The two technologies are a natural complement to each other, with XAP providing in-memory processing, transactions, elasticity, and high availability, and NoSQL providing the economical storage of vast amounts (100s of terabytes) of data. The architecture is greatly simplified and capable compared to the partitioned architecture “workarounds” mentioned earlier, with only two products necessary (as XAP even provides a JEE web container).
How XAP Makes It Possible
XAP is a distributed in-memory storage and processing platform. XAP partitions data and processing across multiple physical or virtual nodes to provide the highest operational performance possible. Data is stored redundantly in memory for safety and availability, and is fully transactional (including XA support). From the perspective of a system client, the memory across all machines appears as a continuous large memory space, and supports distributed RPC, distributed task execution, messaging, and event driven programming paradigms. These combined features lowers system complexity be reducing the number of physical tier and system interfaces. XAP supports runtime resizing of the cluster (elasticity), strongly typed data (objects), and weakly typed data (documents).
XAP also supports persistence to external data stores, and this includes conventional relational databases as well as NoSQL stores. Modifications to in-memory storage are queued for asynchronous write-behind behavior, and cache misses are forwarded to the underlying store. XAP also integrates dynamic type introduction and index creation with underlying stores for a seamless integration.

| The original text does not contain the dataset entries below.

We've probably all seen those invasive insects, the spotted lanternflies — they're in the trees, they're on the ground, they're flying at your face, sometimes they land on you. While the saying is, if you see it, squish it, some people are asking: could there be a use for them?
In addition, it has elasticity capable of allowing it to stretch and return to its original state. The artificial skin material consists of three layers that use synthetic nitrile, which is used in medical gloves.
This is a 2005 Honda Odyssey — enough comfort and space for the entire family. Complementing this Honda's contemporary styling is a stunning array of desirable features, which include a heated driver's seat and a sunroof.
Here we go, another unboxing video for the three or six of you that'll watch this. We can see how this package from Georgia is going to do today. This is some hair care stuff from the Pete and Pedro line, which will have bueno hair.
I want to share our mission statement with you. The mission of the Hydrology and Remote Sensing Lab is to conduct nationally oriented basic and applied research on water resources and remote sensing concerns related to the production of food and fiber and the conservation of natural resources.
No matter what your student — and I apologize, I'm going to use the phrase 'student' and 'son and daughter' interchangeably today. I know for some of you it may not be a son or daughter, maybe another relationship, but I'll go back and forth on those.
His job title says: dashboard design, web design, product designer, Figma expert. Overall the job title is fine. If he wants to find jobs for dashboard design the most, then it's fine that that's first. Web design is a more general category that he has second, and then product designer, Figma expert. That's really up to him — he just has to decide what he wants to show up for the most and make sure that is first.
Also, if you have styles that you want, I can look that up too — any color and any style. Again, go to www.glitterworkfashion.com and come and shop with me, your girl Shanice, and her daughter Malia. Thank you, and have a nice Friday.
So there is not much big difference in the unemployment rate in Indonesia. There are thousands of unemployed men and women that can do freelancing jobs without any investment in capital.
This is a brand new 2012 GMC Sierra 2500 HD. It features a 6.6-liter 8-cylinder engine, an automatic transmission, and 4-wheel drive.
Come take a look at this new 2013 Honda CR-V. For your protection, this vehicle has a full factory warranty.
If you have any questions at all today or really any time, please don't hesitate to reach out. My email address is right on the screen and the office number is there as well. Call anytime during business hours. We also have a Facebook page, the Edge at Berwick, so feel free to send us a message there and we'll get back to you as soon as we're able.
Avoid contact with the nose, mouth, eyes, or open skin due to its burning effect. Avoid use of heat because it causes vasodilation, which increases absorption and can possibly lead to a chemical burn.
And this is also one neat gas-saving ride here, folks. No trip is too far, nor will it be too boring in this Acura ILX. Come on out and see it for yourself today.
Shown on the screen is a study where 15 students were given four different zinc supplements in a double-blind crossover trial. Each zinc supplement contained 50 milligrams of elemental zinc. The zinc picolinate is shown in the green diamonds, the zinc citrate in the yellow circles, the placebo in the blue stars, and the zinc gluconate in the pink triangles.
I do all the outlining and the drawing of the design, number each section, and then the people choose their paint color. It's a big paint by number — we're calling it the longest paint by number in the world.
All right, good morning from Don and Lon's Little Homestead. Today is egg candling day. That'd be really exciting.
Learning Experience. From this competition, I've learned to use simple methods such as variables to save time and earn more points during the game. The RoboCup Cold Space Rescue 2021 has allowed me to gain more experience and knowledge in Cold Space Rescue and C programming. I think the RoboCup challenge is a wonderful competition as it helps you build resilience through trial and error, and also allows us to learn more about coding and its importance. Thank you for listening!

In addition to NoSQL persistence, XAP can perform off-heap persistence to flash memory. This allows XAP to present a potentially vast (100s TB) flash backed store, in combination with conventional RAM and NoSQL. This capability enables a 3 tier memory architecture that can be tuned to application memory cost vs capacity/latency requirements. The flash integration will be available in the upcoming XAP 10 release.
Conclusion
The combination of XAP and NoSQL is powerful because of their similarities and their differences. From the availability, scalability, and elasticity perspective, the technologies have similar virtues, with NoSQL providing the long term and very large scale persistence. From the user use case perspective, XAP fills a large gap by providing conventional support for transactions, effectively creating a bridge between transactional clients and NoSQL data, and in many cases eliminating the need for a relational database at all. From the performance perspective, XAP provides in-memory performance for both reads and writes, as well as real time event processing and distributed colocated logic. From the system management and complexity perspective, only two products are required to provide a complete application stack.
The value of a two tier, ultra-high performance, highly available, self healing, and horizontally scalable system is enormous, not only on the technical level, but also on the business TCO level, especially when large relational databases and related software can be reduced or eliminated. This capability is available and in production today, with current official support for Cassandra and MongoDB, and more on the way.